Paper Towns is a film of two unequal halves. The first, shorter one traces the childhood crush of narrator Q on across-the-street neighbour Margo Roth Spiegelman. By the time they’ve grown up, Q (Nat Wolff, a holdover from Fault In Our Stars) and Margo (Cara Delevingne) have drifted apart, he becoming a square with his life mapped out in front of him, she a free spirit with an enigmatic mythology around her. Delevingne is perfect casting here. Building on the freshness and energy she showed in The Face Of An Angel, her Margo is the perfect mix of character, performance and persona. She makes it very easy for you to believe that Q would go along with her 11-step plan to enact revenge on the people who have wronged her — cue nude photographs, cling-filmed cars, eyebrow removal — in what becomes the film’s most lively enjoyable stretch.

The second half is kick-started by Margo’s disappearance and the hole it leaves in Q’s life. It turns the movie into a detective flick, as Q and best buds Ben (Austin Adams, who starts as comic relief then transforms into something more believable) and Radar (Justice Smith, the voice of reason) try to put together the clues Q believes Margo has left behind.
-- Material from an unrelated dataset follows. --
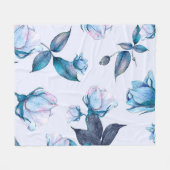 Aquarellfarbene Blume 10 Fleecedecke (Vorderseite (Horizontal))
It then becomes a road-trip movie as the gang, accompanied by Margo’s best friend Lacey (Sage) and Radar’s girlfriend Angela (Jaz Sinclair), set off to find her, confident that Margo is staying in a paper town (a fictitious mark on a map left by cartographers to identify copyright traps on their work) near New York.
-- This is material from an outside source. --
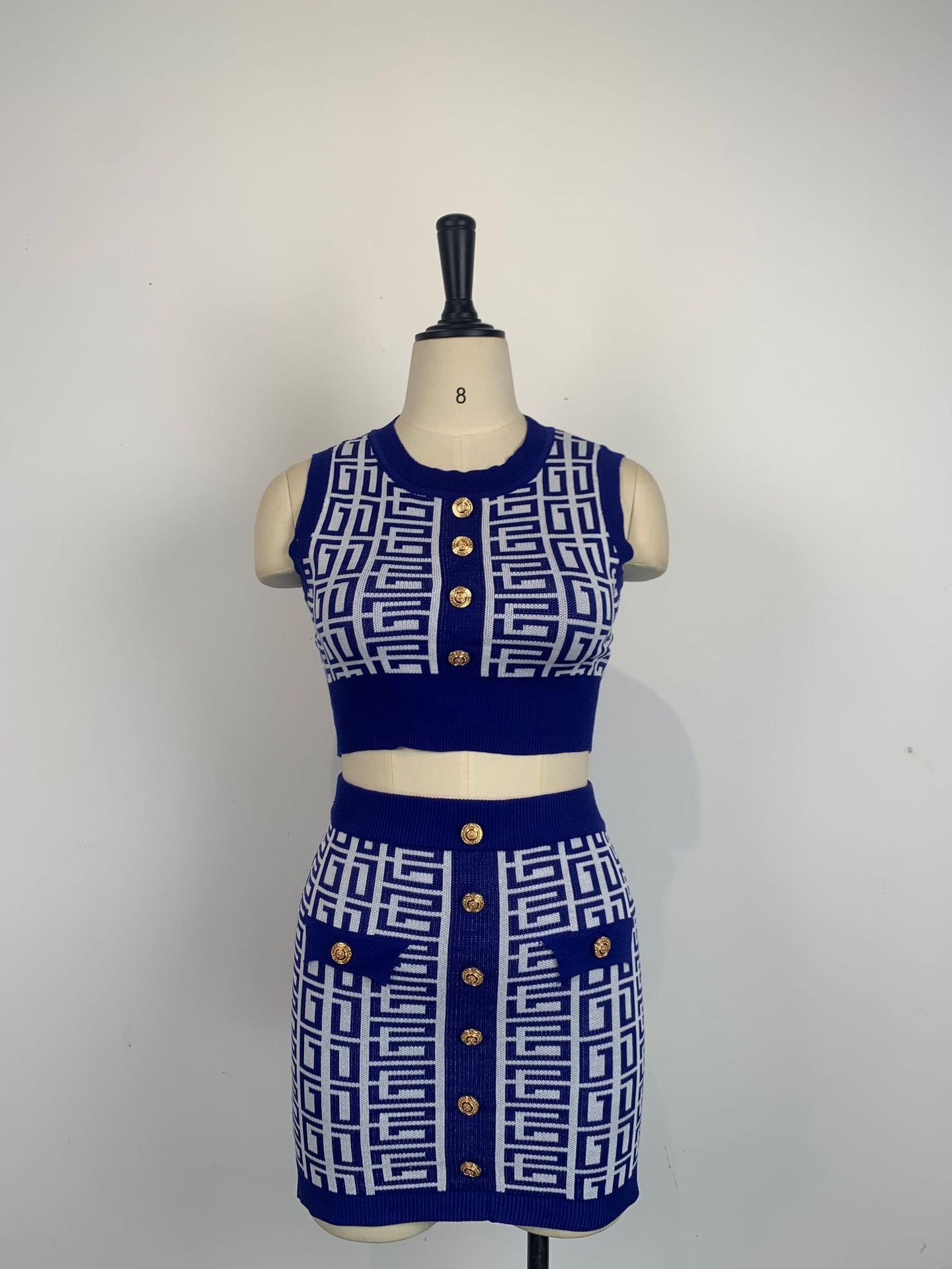 Women Round Neck Sleeveless Geometric Pattern Top and Skirt Two-Piece Set 27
As a teen gang, they are fun to hang with, developing an easy, believable chemistry that goes some way to transcending the stock characters (The Sensitive One, The Sensible One, The Joker). But the beats are well worn — the nerds will make their mark at a keg party — and there is hooey about living life in the present and coming to terms with unrealistic expectations. Still, Green’s source material finds enough quirks (a family obsessed with Black Santas) to stave off convention, and director Schreier (this his second film after Robot & Frank) chivvies the action along with pace. It’s just a shame he didn’t take more of a cue from his enigmatic lead character: there are fun and truths to be had from taking a few more risks.

An engaging, if familiar, mix of teen rites of passage, the fun of friendship and mooning over a cool girl. Still, Nat Wolff and Cara Delevingne make for a watchable duo.